• What is required
Please repeat the lines below exactly. Begin with the line containing "Leeds United ın" and go on through the line containing "Viața unei șoferițe".

(Records drawn from a dataset)
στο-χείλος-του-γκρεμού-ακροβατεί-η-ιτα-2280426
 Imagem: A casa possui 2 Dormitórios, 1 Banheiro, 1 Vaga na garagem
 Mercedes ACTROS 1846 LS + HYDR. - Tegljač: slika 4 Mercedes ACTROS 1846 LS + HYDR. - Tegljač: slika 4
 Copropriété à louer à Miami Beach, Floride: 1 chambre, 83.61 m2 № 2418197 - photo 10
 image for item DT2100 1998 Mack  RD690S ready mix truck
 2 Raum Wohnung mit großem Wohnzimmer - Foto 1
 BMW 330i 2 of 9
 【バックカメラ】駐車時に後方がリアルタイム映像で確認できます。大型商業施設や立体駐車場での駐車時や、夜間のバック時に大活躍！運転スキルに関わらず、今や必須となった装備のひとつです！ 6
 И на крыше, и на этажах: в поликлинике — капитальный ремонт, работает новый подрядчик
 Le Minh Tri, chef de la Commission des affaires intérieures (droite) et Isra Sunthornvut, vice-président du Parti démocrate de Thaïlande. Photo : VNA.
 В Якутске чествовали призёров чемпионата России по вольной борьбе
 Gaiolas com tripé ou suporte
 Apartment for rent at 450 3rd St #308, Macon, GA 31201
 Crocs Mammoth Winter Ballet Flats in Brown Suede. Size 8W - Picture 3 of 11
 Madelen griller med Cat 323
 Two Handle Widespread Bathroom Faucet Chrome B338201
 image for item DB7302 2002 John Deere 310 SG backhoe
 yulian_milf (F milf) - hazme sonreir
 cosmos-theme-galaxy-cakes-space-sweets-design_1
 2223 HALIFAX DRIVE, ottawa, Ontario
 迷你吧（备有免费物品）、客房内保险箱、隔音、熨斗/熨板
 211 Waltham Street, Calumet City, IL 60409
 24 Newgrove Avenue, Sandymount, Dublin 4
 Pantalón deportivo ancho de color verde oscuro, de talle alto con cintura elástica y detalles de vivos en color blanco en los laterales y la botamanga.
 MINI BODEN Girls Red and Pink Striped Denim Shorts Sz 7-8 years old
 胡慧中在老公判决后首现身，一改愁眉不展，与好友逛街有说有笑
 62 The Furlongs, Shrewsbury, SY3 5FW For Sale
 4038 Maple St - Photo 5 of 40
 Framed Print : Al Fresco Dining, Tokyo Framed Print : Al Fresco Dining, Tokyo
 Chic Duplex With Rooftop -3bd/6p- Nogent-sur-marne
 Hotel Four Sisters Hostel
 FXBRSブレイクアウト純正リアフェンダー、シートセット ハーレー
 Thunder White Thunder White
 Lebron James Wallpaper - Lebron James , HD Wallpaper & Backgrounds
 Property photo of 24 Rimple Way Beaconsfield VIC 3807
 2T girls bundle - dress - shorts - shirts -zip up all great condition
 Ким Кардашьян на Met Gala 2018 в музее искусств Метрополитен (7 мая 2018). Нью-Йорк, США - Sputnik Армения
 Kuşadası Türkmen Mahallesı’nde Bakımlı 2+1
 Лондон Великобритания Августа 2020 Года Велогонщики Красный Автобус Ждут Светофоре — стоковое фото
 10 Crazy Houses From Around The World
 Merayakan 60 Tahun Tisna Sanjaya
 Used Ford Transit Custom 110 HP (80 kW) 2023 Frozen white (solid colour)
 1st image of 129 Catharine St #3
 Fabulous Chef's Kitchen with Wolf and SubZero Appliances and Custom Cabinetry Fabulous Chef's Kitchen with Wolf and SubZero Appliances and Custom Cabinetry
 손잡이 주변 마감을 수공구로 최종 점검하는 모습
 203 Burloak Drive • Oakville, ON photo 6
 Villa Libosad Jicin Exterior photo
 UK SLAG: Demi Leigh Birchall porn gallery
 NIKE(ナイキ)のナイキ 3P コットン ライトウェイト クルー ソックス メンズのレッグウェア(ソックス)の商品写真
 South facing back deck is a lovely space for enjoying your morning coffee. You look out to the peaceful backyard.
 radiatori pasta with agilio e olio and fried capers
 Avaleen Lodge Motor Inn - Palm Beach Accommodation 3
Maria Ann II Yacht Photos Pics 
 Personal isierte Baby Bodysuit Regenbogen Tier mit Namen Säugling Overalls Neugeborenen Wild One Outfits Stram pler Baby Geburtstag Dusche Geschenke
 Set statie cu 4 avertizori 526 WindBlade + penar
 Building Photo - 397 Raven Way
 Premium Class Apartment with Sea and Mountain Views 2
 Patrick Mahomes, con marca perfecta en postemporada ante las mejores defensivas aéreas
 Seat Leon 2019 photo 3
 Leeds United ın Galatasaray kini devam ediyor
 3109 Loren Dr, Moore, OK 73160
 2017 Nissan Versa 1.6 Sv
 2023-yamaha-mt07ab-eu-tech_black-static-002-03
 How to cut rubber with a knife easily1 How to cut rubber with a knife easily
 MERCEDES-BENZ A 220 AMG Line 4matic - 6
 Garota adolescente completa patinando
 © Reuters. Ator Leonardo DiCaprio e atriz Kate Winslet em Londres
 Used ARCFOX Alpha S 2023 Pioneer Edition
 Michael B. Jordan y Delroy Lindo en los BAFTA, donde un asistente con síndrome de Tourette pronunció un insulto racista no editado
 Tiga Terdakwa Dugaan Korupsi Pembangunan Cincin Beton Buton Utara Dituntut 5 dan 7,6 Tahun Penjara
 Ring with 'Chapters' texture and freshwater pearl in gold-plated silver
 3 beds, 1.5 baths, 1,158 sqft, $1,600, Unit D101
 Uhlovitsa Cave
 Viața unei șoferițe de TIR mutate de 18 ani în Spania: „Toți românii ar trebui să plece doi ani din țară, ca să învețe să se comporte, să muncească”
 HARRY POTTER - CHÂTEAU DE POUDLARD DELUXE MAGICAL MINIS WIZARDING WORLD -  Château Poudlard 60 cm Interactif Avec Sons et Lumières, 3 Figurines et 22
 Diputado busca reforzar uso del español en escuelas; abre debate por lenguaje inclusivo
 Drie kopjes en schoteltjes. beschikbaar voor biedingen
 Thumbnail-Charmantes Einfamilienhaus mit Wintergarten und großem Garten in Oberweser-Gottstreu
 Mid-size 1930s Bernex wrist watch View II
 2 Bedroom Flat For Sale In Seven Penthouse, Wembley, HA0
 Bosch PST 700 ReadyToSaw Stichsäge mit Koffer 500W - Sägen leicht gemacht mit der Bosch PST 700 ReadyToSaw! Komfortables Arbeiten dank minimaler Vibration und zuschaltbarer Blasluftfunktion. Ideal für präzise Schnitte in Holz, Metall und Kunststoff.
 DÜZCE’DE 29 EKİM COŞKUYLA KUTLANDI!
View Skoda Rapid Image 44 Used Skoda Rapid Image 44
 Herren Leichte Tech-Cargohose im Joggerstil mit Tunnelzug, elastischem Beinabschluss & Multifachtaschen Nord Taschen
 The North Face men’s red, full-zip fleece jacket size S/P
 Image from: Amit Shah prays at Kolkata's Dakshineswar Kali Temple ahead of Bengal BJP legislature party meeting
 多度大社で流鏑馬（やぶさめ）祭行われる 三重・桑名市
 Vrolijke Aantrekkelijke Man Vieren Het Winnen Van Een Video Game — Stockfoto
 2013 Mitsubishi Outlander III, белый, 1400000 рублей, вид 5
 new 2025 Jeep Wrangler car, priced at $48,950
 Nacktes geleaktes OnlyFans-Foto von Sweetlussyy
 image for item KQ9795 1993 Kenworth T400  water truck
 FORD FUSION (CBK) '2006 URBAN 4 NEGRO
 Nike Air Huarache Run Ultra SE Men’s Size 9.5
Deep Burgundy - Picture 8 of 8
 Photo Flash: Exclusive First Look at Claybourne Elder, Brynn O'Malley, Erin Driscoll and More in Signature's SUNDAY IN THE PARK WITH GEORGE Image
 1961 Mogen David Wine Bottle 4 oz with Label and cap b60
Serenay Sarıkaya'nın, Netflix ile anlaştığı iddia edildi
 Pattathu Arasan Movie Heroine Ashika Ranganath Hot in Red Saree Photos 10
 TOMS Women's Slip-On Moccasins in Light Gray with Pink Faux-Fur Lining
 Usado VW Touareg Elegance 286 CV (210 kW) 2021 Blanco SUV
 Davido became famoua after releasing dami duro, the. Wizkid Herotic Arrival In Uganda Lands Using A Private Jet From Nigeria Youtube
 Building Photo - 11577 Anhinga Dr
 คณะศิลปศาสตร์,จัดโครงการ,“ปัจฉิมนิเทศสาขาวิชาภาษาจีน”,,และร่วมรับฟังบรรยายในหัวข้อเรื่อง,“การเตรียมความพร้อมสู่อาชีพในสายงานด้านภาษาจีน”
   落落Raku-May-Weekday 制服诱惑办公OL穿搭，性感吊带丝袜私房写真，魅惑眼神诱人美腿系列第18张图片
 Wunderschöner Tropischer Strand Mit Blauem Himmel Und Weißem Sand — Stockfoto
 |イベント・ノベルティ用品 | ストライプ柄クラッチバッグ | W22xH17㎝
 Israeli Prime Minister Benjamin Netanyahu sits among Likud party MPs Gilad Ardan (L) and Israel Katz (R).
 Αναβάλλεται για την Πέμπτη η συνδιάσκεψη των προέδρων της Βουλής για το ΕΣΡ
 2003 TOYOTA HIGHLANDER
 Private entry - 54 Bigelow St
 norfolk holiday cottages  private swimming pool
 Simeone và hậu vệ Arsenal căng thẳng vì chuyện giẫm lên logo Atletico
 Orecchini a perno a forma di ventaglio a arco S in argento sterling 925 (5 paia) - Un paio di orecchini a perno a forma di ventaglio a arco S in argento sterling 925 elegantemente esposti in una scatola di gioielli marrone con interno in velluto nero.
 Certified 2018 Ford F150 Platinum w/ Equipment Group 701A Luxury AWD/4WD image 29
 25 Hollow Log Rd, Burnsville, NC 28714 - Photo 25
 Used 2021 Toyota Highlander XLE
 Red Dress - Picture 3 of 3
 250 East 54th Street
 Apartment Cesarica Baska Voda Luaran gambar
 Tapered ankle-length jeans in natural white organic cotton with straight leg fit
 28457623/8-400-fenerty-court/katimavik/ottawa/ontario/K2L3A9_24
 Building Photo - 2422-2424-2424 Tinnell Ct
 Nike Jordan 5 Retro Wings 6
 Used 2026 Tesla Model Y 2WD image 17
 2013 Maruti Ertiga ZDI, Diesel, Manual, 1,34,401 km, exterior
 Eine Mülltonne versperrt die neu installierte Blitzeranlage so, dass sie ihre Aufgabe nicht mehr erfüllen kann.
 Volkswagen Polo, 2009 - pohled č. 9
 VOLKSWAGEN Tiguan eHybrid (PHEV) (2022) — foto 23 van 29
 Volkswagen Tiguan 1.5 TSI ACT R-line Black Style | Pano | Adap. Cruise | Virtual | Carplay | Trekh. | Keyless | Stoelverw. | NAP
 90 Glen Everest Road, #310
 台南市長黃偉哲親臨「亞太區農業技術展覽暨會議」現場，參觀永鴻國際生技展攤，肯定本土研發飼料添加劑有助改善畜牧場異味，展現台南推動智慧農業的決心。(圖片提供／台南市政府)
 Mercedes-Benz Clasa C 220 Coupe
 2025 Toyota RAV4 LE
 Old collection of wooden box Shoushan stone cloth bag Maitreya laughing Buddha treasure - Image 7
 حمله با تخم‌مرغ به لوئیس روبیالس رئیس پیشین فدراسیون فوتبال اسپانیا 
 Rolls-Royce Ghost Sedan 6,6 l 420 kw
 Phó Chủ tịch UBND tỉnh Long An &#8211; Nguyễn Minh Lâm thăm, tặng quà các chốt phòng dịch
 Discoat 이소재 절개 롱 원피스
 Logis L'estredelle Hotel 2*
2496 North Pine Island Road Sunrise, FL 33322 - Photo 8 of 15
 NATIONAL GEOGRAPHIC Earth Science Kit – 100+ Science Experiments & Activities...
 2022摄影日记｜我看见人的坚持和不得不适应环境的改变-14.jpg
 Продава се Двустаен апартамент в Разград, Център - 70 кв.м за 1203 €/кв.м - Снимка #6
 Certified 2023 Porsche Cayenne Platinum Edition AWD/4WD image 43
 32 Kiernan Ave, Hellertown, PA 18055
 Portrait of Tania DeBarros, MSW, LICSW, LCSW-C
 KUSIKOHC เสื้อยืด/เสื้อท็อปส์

• Answer to the exercise
 Leeds United ın Galatasaray kini devam ediyor
 3109 Loren Dr, Moore, OK 73160
 2017 Nissan Versa 1.6 Sv
 2023-yamaha-mt07ab-eu-tech_black-static-002-03
 How to cut rubber with a knife easily1 How to cut rubber with a knife easily
 MERCEDES-BENZ A 220 AMG Line 4matic - 6
 Garota adolescente completa patinando
 © Reuters. Ator Leonardo DiCaprio e atriz Kate Winslet em Londres
 Used ARCFOX Alpha S 2023 Pioneer Edition
 Michael B. Jordan y Delroy Lindo en los BAFTA, donde un asistente con síndrome de Tourette pronunció un insulto racista no editado
 Tiga Terdakwa Dugaan Korupsi Pembangunan Cincin Beton Buton Utara Dituntut 5 dan 7,6 Tahun Penjara
 Ring with 'Chapters' texture and freshwater pearl in gold-plated silver
 3 beds, 1.5 baths, 1,158 sqft, $1,600, Unit D101
 Uhlovitsa Cave
 Viața unei șoferițe de TIR mutate de 18 ani în Spania: „Toți românii ar trebui să plece doi ani din țară, ca să învețe să se comporte, să muncească”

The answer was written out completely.